> _Task instructions_:
Below are the entries; give again exactly the lines from the one mentioning "Foto gratuita rendering" through the one mentioning "Predicting Alcohol Use: Understanding", inclusive.

> _Data supplied_:
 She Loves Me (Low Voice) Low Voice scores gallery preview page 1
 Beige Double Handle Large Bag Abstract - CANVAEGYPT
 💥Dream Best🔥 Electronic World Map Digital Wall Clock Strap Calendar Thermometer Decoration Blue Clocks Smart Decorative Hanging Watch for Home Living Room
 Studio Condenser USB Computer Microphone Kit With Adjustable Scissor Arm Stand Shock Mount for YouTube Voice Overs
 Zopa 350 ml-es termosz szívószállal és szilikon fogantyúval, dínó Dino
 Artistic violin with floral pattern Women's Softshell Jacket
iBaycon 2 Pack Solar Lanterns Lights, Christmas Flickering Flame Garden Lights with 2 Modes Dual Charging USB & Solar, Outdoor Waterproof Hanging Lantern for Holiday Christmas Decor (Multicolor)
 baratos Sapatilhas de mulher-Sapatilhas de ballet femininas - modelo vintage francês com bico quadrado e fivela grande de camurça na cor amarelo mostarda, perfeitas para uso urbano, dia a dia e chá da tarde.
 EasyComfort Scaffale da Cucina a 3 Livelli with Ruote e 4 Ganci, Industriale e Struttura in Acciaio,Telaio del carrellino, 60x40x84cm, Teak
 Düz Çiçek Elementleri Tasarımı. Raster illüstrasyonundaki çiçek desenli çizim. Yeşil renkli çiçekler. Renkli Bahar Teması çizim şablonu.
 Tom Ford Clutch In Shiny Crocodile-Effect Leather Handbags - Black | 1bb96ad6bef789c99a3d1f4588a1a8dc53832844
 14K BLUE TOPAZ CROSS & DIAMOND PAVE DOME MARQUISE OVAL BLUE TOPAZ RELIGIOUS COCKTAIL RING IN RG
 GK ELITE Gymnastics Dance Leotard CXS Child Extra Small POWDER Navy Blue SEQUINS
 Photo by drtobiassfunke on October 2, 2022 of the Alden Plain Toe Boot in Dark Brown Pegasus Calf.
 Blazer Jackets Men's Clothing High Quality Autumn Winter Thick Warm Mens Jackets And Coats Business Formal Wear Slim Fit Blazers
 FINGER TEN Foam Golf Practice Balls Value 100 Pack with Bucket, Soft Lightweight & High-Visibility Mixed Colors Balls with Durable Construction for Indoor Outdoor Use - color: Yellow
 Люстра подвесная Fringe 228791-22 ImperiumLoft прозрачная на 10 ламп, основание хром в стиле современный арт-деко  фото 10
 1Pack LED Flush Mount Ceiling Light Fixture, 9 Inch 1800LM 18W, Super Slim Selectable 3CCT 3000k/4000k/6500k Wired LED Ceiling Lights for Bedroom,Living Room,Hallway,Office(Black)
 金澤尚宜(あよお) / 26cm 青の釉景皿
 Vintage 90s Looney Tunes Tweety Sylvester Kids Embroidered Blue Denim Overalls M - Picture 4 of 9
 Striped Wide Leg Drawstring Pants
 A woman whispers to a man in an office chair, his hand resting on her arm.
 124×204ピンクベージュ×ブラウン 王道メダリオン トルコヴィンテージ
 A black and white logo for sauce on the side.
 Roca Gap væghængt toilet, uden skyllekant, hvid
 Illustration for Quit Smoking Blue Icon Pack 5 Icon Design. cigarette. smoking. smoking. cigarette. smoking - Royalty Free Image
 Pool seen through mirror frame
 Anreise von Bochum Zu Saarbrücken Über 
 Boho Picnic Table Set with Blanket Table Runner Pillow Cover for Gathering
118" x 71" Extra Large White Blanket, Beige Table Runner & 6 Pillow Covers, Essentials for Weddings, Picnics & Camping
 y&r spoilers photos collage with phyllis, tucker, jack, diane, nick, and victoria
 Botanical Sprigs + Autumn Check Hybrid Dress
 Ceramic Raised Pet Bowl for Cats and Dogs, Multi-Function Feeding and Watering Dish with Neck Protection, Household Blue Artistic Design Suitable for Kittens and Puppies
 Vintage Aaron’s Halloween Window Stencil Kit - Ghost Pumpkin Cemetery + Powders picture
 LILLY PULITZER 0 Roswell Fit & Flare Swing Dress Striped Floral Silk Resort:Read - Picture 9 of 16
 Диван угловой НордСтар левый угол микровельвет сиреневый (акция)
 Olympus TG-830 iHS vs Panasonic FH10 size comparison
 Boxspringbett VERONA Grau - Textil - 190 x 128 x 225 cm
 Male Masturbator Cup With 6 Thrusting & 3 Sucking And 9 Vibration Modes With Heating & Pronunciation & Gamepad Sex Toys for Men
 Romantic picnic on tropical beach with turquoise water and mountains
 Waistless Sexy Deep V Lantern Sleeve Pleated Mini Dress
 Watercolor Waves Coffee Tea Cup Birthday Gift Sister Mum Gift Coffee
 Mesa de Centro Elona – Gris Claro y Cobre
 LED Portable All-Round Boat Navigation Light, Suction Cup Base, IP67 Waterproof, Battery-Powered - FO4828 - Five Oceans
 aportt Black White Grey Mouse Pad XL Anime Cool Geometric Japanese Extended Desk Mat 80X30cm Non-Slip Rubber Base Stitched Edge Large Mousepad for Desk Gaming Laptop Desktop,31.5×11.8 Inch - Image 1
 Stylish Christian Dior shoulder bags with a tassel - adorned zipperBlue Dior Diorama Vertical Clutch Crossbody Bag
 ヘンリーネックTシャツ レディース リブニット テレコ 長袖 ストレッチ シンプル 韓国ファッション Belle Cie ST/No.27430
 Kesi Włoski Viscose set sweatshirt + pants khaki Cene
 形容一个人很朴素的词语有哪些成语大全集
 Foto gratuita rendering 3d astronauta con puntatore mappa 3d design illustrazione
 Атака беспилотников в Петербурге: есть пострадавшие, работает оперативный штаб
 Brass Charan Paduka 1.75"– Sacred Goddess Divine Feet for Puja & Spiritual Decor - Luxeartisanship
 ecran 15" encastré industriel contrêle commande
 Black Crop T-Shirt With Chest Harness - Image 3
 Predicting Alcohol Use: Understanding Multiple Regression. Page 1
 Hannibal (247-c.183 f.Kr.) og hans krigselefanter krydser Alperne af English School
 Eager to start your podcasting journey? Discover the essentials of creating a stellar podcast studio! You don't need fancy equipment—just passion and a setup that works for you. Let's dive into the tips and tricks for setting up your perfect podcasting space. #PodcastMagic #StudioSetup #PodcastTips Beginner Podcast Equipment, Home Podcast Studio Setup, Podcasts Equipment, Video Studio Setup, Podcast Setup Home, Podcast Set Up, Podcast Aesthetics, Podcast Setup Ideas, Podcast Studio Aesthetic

> _The answer_:
 Foto gratuita rendering 3d astronauta con puntatore mappa 3d design illustrazione
 Атака беспилотников в Петербурге: есть пострадавшие, работает оперативный штаб
 Brass Charan Paduka 1.75"– Sacred Goddess Divine Feet for Puja & Spiritual Decor - Luxeartisanship
 ecran 15" encastré industriel contrêle commande
 Black Crop T-Shirt With Chest Harness - Image 3
 Predicting Alcohol Use: Understanding Multiple Regression. Page 1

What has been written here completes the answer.